Life in the Colonial Cities Essay
Life in the Colonial Cities
The people of early colonial America settled mainly in rural areas and farms. Eventually, by the end of the 18th century, cities became dominant settlements over the rural regions. The cities of colonial America were heavily influences by British; the latest fashions of dress, social ideas, and furniture among other things were imported from Great Britain. As the size of cities grew, problems in health and sanitation began to arise. Throughout all of the major cities, taverns were the common places where everyone would meet.
The cities of colonial America helped spread the European Enlightenment across the Atlantic. This in turn helped create an American Enlightenment movement, which started primarily in the major cities. Cities helped develop the advancement of learning in science, literature, and the arts. They were also centers for manufacturing and commerce, where industry boomed.
The major cities of America included Boston, Philadelphia, New York, Newport, and Charleston. In these large cities, many problems began to surface. These difficulties involved health, sanitation, police protection, and fire prevention. To decrease these problems meant that the city would have to work together and stop with individualistic ways.
Philadelphia was the most heavily populated, and most sophisticated of the major cities. They had brick roads and sidewalks including street lamps, which turned on every night. There was a regular night watch along with volunteers for fire protection and there were also many booksellers. Some people were unhappy with Philadelphia’s design while others thought the city to be a masterpiece.
Boston was another populous city, thanks to its elegance and in general the manners of its people. The people of Boston had many luxuries, such as coach rides where slaves served the customers. Also, the Mall was a very popular place among the people. The Mall was a beautiful Common with trees and paths, which was an imitation of St James’s Park. Although Boston was not as densely populated as Philadelphia, Boston offered a cleaner and more open society.
New York City preserved many of its native Dutch traditions and qualities. A lot of the buildings were built of brick, which was the common Dutch style. New York also had developed into the headquarters of the British North American Army. Many New Yorkers were influenced greatly by Britain, which meant that the people were considered to have excellent manners.
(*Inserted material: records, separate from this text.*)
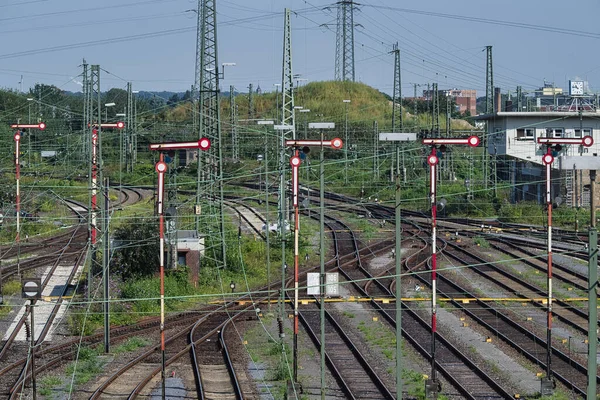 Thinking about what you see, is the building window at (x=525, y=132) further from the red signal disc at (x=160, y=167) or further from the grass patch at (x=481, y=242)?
the red signal disc at (x=160, y=167)

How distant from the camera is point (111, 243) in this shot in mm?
28984

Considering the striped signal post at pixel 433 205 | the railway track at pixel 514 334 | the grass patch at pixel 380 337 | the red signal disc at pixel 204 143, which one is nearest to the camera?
the red signal disc at pixel 204 143

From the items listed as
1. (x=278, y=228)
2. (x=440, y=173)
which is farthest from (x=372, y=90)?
(x=278, y=228)

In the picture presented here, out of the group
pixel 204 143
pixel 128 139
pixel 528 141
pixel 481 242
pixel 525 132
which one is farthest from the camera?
pixel 128 139

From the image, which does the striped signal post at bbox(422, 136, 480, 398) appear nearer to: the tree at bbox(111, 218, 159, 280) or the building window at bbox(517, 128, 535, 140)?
the tree at bbox(111, 218, 159, 280)

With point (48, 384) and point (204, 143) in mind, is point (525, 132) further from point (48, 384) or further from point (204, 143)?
point (204, 143)

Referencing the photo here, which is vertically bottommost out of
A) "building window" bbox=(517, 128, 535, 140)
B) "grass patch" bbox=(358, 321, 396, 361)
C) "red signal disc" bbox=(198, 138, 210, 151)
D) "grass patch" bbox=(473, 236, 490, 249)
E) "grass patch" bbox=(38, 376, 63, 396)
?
"grass patch" bbox=(38, 376, 63, 396)

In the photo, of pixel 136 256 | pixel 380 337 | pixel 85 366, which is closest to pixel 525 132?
pixel 136 256

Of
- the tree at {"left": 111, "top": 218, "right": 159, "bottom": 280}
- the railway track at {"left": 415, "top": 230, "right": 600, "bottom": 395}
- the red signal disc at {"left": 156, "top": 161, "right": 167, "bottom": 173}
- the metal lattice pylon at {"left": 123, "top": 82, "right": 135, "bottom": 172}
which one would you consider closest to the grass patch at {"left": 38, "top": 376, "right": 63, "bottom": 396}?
the red signal disc at {"left": 156, "top": 161, "right": 167, "bottom": 173}

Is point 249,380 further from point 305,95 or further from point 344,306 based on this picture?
point 305,95

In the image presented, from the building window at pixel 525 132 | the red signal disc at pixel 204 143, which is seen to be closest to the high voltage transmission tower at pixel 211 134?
→ the red signal disc at pixel 204 143

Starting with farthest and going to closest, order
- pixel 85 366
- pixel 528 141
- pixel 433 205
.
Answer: pixel 528 141
pixel 85 366
pixel 433 205

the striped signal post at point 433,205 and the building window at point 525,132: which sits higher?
the building window at point 525,132

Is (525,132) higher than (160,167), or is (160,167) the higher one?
(525,132)
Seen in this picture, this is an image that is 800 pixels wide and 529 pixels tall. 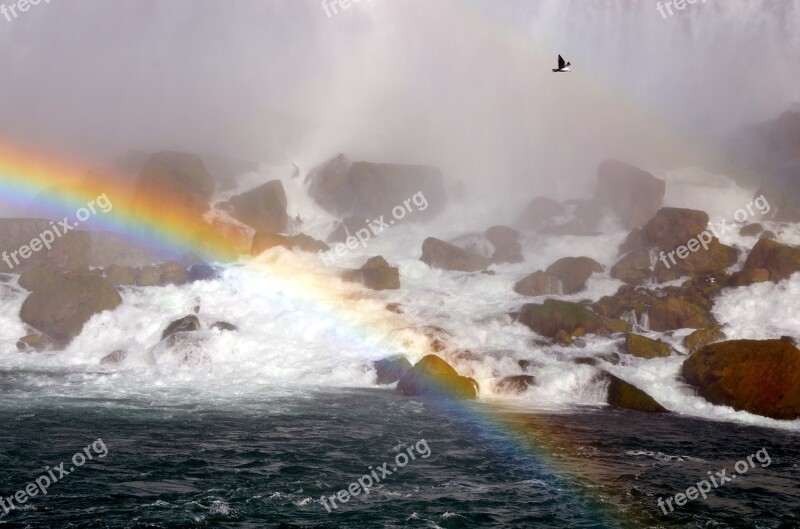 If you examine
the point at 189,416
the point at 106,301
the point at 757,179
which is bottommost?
the point at 189,416

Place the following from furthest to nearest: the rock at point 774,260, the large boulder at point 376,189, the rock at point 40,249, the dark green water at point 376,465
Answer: the large boulder at point 376,189 → the rock at point 40,249 → the rock at point 774,260 → the dark green water at point 376,465

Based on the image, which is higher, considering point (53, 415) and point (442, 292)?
point (442, 292)

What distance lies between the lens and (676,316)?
1650 inches

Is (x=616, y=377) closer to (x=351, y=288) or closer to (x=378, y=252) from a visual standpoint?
(x=351, y=288)

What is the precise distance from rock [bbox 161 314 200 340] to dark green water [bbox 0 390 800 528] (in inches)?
460

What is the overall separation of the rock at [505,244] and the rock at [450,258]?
2493mm

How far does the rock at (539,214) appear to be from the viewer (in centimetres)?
7025

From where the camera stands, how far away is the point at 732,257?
49.5 m

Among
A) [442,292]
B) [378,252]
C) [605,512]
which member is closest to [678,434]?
[605,512]

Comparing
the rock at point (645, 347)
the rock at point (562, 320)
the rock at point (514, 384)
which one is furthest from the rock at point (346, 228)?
the rock at point (514, 384)

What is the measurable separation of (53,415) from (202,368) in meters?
11.9

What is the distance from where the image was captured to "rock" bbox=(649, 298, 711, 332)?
41.7m

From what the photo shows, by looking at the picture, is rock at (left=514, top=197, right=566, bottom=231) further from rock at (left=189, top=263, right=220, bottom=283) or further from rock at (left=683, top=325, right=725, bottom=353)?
rock at (left=189, top=263, right=220, bottom=283)

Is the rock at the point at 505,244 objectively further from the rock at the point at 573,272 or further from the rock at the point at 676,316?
the rock at the point at 676,316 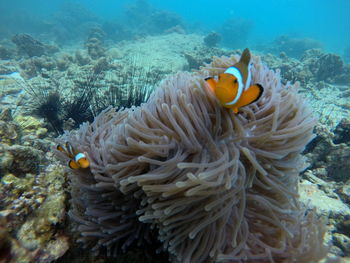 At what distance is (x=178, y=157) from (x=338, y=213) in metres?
3.12

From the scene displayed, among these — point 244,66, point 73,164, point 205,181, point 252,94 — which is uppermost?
point 244,66

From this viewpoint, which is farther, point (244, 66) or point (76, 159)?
point (76, 159)

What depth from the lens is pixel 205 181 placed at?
1.56m

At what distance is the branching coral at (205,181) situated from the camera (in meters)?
1.75

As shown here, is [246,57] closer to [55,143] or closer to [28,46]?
[55,143]

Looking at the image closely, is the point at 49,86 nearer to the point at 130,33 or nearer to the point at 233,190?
the point at 233,190

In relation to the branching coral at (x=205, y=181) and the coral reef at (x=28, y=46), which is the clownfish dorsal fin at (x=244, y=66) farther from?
the coral reef at (x=28, y=46)

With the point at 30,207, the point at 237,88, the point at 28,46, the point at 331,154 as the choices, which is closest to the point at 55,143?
the point at 30,207

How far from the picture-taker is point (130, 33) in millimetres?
29125

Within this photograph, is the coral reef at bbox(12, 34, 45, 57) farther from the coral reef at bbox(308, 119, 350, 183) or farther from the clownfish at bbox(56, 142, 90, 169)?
the coral reef at bbox(308, 119, 350, 183)

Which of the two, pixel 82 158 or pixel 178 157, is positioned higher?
pixel 178 157

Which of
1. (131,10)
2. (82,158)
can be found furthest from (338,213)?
(131,10)

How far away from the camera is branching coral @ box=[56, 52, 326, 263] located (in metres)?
1.75

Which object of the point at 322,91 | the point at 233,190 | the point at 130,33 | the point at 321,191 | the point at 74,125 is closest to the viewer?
the point at 233,190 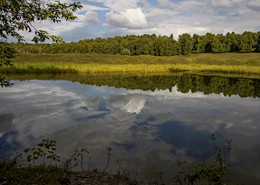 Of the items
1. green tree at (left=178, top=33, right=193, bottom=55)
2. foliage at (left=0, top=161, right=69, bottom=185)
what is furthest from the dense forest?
foliage at (left=0, top=161, right=69, bottom=185)

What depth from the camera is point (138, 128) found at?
9531 mm

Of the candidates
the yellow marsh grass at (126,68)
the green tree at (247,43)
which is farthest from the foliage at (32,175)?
the green tree at (247,43)

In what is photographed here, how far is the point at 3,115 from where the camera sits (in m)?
10.9

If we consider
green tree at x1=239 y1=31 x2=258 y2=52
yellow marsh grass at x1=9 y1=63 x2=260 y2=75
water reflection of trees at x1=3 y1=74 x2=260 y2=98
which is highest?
green tree at x1=239 y1=31 x2=258 y2=52

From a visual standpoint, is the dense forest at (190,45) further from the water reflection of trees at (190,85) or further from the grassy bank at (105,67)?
the water reflection of trees at (190,85)

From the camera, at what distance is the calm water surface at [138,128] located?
22.1ft

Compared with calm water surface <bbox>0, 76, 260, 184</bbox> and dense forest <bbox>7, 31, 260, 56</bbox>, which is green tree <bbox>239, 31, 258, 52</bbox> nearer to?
dense forest <bbox>7, 31, 260, 56</bbox>

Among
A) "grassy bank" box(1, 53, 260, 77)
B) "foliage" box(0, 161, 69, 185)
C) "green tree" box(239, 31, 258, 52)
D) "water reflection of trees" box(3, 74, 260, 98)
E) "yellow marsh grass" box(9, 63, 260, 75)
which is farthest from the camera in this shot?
"green tree" box(239, 31, 258, 52)

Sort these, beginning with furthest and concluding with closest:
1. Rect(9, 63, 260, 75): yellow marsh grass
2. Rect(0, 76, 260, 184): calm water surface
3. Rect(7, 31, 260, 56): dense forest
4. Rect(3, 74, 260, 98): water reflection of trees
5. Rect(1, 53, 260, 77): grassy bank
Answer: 1. Rect(7, 31, 260, 56): dense forest
2. Rect(9, 63, 260, 75): yellow marsh grass
3. Rect(1, 53, 260, 77): grassy bank
4. Rect(3, 74, 260, 98): water reflection of trees
5. Rect(0, 76, 260, 184): calm water surface

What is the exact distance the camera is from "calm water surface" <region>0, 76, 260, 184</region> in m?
6.72

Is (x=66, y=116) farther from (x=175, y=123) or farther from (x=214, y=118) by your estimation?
(x=214, y=118)

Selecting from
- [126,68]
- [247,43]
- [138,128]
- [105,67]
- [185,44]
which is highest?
[185,44]

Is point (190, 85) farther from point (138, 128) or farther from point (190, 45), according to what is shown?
point (190, 45)

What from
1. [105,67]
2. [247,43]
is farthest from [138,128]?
[247,43] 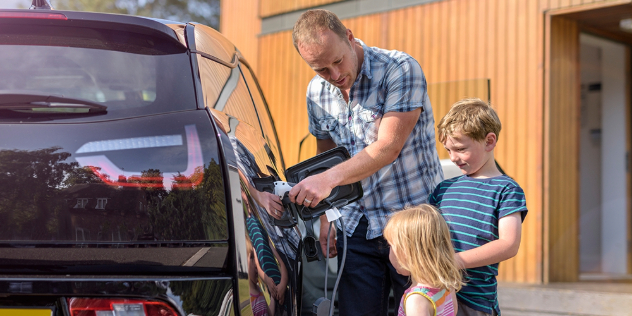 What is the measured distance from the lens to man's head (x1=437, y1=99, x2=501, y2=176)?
6.64 ft

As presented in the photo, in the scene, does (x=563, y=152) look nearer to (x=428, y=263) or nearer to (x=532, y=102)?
(x=532, y=102)

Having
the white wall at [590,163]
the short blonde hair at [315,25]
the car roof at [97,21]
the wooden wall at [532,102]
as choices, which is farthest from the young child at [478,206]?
the white wall at [590,163]

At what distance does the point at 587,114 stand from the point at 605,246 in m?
1.81

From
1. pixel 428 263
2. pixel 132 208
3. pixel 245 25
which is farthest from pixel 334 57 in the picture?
pixel 245 25

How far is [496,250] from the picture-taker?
1.86 metres

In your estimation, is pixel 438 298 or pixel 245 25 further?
pixel 245 25

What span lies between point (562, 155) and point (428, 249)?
17.7 feet

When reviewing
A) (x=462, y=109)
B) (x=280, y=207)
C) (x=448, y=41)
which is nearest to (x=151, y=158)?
(x=280, y=207)

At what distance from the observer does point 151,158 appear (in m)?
1.46

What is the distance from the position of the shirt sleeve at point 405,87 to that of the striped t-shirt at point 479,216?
Result: 0.37 m

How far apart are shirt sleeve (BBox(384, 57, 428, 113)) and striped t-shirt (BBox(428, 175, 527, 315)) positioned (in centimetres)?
37

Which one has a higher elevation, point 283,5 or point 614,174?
point 283,5

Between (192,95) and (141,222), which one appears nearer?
(141,222)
Taverns were the centers of social life in the cities, also called the “principal social institution of colonial America.” The taverns social class ranged greatly depending on its surrounding areas. Some taverns housed the low life’s and poor people while others only accepted gentleman. Most of the pubs were a place for common people to discuss any matters at hand. Some say the foundation of the Revolutionary War was planned in taverns.
Some people felt as if taverns were causing some problems in society. Benjamin Franklin was one of the major figures that tried to limit the number of taverns in cities. He argued that the number of taverns might cause poverty to many of the people and the surrounding neighborhood. However, taverns could be considered good to the cities because they were the closest form of business enterprise in colonial America to this point.
Although in the early years of colonial America, many people resided in the rural areas, the cities became more populated over time. Taverns were a main reason for people moving from farms to the cities. The conditions of the city weren’t excellent, as the water supply was not very sanitary and garbage disposal was a major issue. However, these factors made for the beginning of a new nation and helped form how America is today.